Appeals court to hear arguments on whether or not University of Texas admissions policies violate the law
Austin American-Statesman
August 2, 2010
Is the University of Texas violating the law by considering race and ethnicity when it decides whom to admit to its freshman class?
That question will be debated Tuesday before a three-judge panel of the 5th U.S. Circuit Court of Appeals in New Orleans.
The case, filed in 2008 by two white students who were denied admission, is the first challenge of a university's affirmative action policies since the U.S. Supreme Court upheld affirmative action at the University of Michigan's law school in 2003.
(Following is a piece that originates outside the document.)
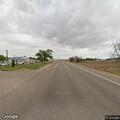 Traffic stop on blue Yukon near Highway 85 and 3rd St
"Our argument is relatively simple," said Edward Blum, director of the Washington-based Project on Fair Representation, which opposes the use of race in public policy and which is helping to pay the plaintiffs' legal bills. "We believe that the reintroduction of race and ethnicity in the admissions process by the University of Texas is unconstitutional and falls outside of the parameters where race is allowed to be used."
UT and the Texas attorney general's office, which is defending the university's policy, offer an equally straightforward defense.
"The university believes that its admission system is well within the guidance the Supreme Court has given us in the Grutter case," said Patti Ohlendorf , UT's vice president for legal affairs, referring to the Michigan ruling.